Lifestyles

From FBI to Fashion Design

Dan Snyder

Posted Updated

By
Alex Williams
, New York Times

Dan Snyder

Age: 33
Hometown: Columbia, Maryland
Now Lives: In a fifth floor East Village walk-up studio whose décor includes an original Saul Steinberg print and hardwood floors he installed himself.
Claim to Fame: Some designers learn their trade at FIT (the Fashion Institute of Technology); Dan Snyder got his experience at the FBI. In the late 2000s, as an intelligence contractor at the FBI in Washington, D.C., he was chafing at the baggy olive suits that G-men were expected to wear. “I think Jos. A. Bank had a deal in the ‘90s,” he said. Taking style matters into his own hands, he took night classes in tailoring and began doctoring his wardrobe. Fast forward a decade, and Snyder’s sportswear line, Corridor, is sold in 90 stores in 16 countries, with a flagship location in Manhattan’s Nolita neighborhood.
Big Break: In 2012, Snyder left the bureau to study diplomacy at Tufts University, with plans to join the State Department or the CIA. While in graduate school, however, he started tailoring and making shirts for fellow students to pay the bills, and demand grew fierce. During a ski trip in Maine, it dawned on him that fashion was his true calling, and after graduation, he shifted focus and started Corridor. (The name was inspired by his peripatetic life along the Northeast Corridor).
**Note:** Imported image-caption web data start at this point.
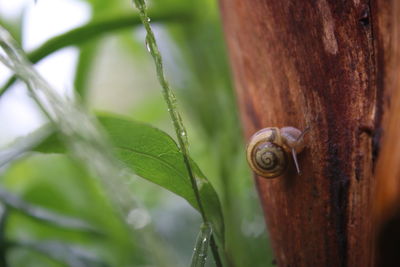 Close-up of insect on leaf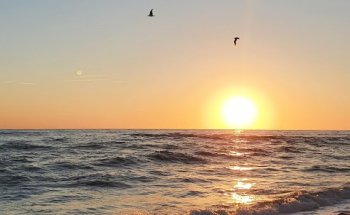 Dott.ssa Cinzia Carafoli Terapeuta Alimentare Olistica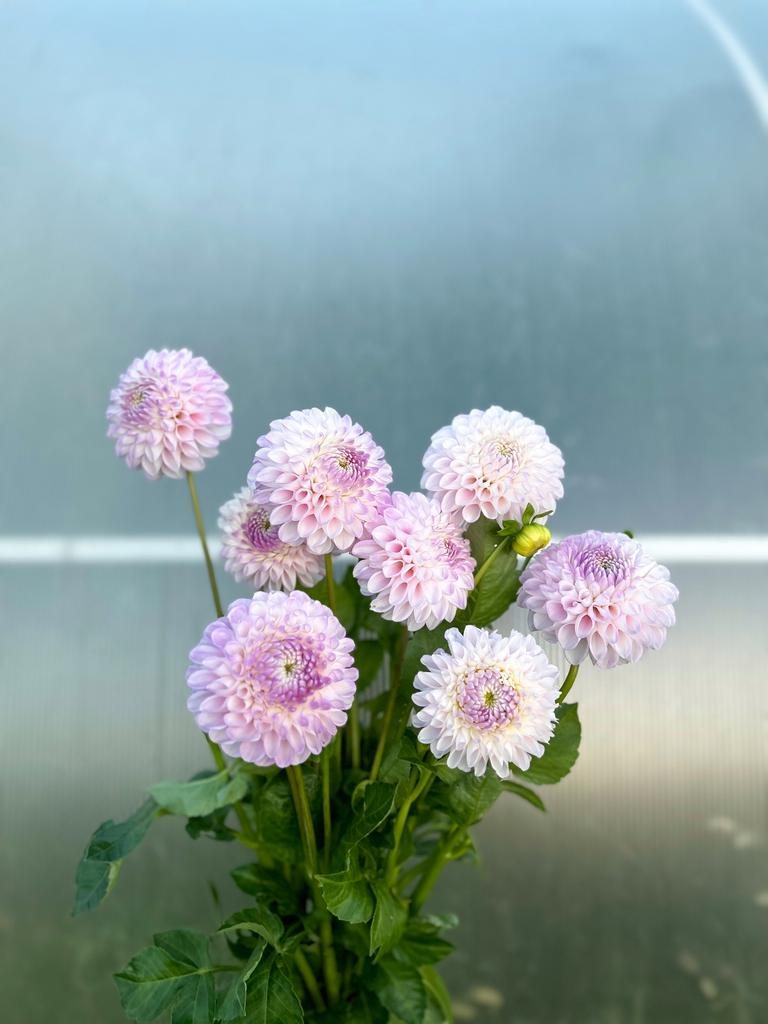 Георгин Snoho Sonia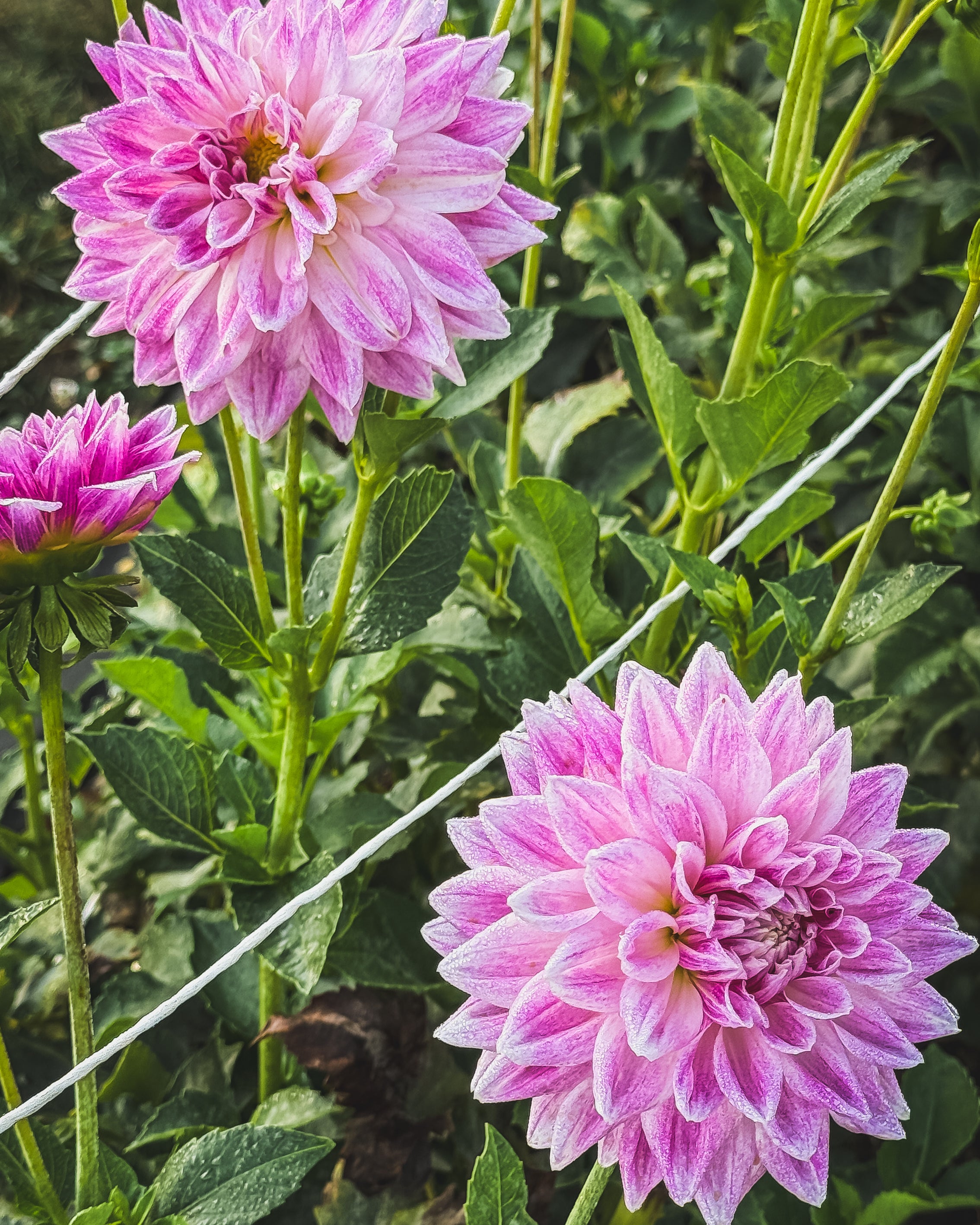Pink dahlias with green leaves in a garden setting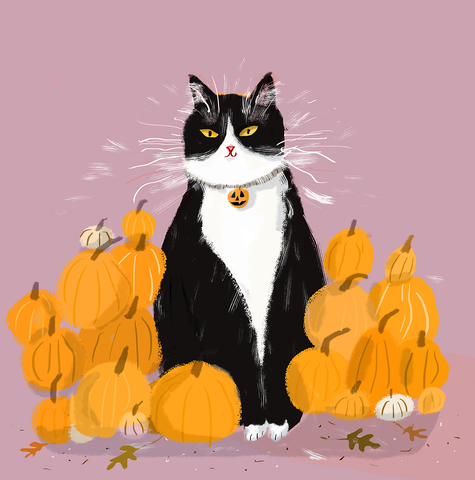 Pumpkin Lover Cat Print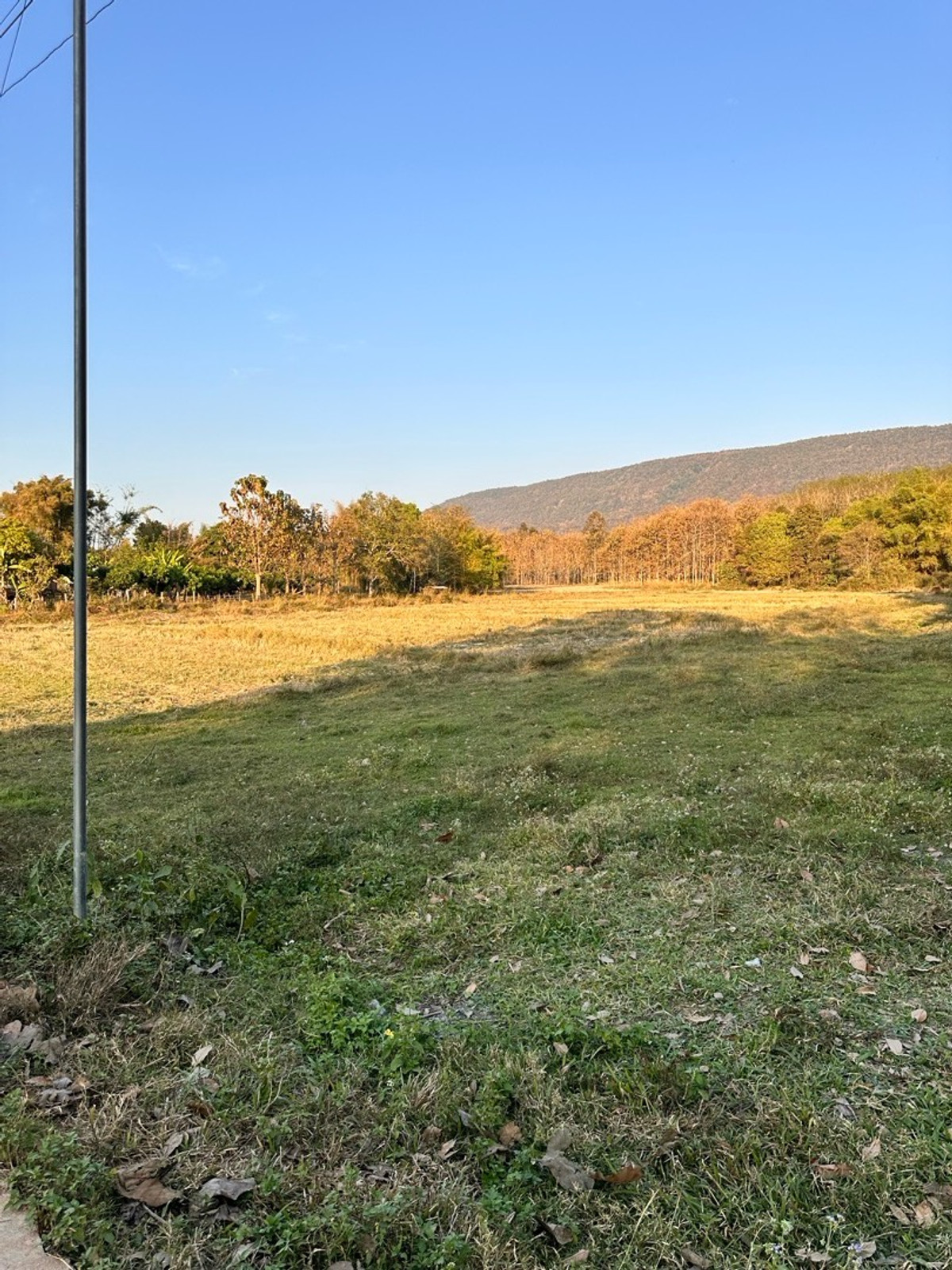 ขายที่ดินเชียงราย : ขายที่ดินเปล่า บ้านบวกปลาหนอน ตีนภูเขา วิวสวย
ตำบลเวียงห้าว อำเภอพาน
The first line was made using capital he raised working for Palantir, the Silicon Valley contractor to U.S. spy agencies, and released in 2014. He introduced a women’s line two years later.
Latest Project: Inspired by another hobby — Indian garment dyeing — he recently introduced a summerwear line called Sunshine Blues, manufactured in a women-owned workshop in New Delhi.
Next Thing: Despite the retail downturn, Snyder hopes to open more stores in New York to give customers a tactile experience. “I want there to be an element of old-school service,” he said. “My grandfather was a suit salesperson in Baltimore in an old-school haberdashery. People would go to him year after year, because he would take care of them, even if they didn’t always buy a suit.”
Secret Agent? “If I had joined the CIA, I’d probably be in some country in South America, posing as a diplomat, coercing people with naughty photos,” he said. “But as it is, a lot of my friends who work in the intel business wonder if I’m a spy. My current career would be a perfect cover.”